Victoria "Tori" Herr, 18, was arrested for the first time on March 27, 2015, after police in search of her boyfriend found drugs in their apartment. Herr told staff at Lebanon Penitentiary Institution that she was using 10 bags of heroin a day and had told one of her cellmates that she feared that the process withdrawal is difficult.
According to the trial, she had severe vomiting and diarrhea within the next four days. He was given Ensure, water and adult diapers. But she could not hold back the liquids and collapsed from apparent dehydration while she was being brought back to her medical unit cell on March 31. She died at the hospital on April 5th.
"All who looked at her would have known that she was very sick and that she needed attention," said Jonathan Feinberg, a human rights lawyer at Philadelphia, who represents his family. "There was total disregard for her needs, which can only be linked to the fact that she was addicted."
He added that a simple emergency visit would have saved his life.
The family settled with the county this month for $ 4.75 million in claims for wrongful death and civil rights, he said. Feinberg thinks the medical staff lied about taking Herr's vital signs shortly before the collapse, since she never regained consciousness.
Hugh O'Neill, who represents the director, Robert Karnes, two nurses and other penitentiary staff, said that no county employee had acknowledged the existence wrongdoing in the context of the settlement. "The case has been resolved amicably," he said, refusing to indicate this week whether the county had reviewed or revised any policy following Herr's death.
Increasingly, policymakers view prison and penitentiary as the right time to intervene and provide medical assistance to people with opioid addiction.
In the three years following his death, John Wetzel, Pennsylvania's Secretary of Corrections, began offering methadone and other drugs approved to treat opioid addiction.
"The trend is turning in. I think very slowly, but surely, there are a lot of entities that really have had to look in the mirror and wonder how they are managing this disease," said Steve Seitchik, responsible for the Assisted Medication program.
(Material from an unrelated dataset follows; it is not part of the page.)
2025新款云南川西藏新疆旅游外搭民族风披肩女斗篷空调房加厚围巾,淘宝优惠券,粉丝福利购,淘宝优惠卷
Treatment program in state prisons.
According to national research, about 25 percent of people entering local prisons are opioid addicted, according to Sally Friedman, vice president of legal activities at the National Action Center, a non-profit organization based in New York. Only a fraction of facilities offer drugs as part of a treatment plan, but their numbers are increasing, she said.
In Pennsylvania, the Wetzel Department now offers grants for county jails in order to also offer drug-assisted treatment.
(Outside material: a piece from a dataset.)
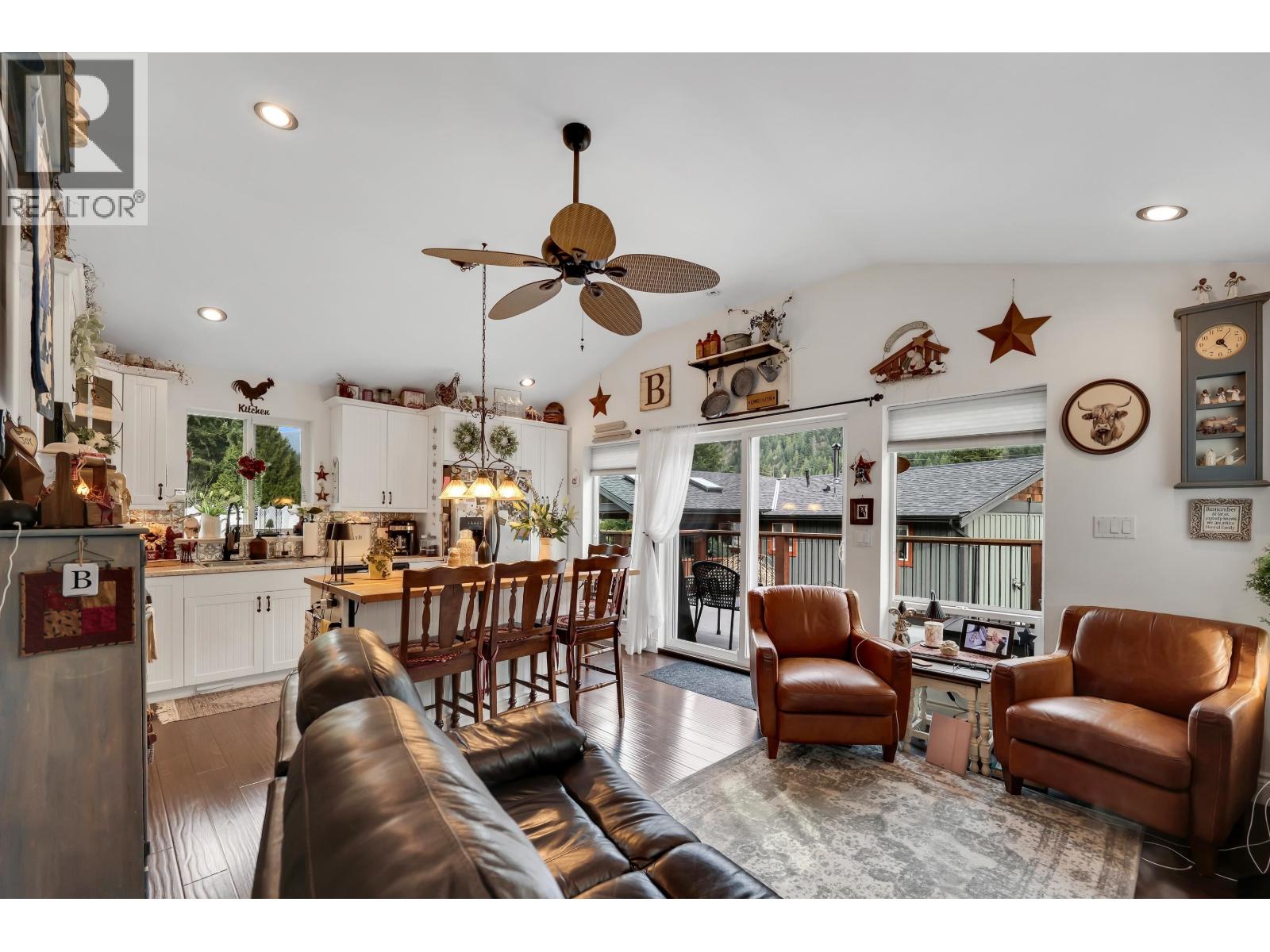 38101 CHESTNUT AVENUE, Squamish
Herr, severely dehydrated, had asked for lemonade during a phone call with his mother on March 30. Stephanie Moyer had tried to visit her later in the day but had been turned away and told her daughter that everything was fine. The next time she saw Herr – who graduated from high school despite her addiction – she was under ventilation.
Feinberg said he hoped the lawsuit would remind even the smallest counties of their obligation to care for those with addictions.
"The days when drug addicts were seen as unworthy of sympathy and care were gone," Feinberg said. "It's a very short chain of events that leads to death."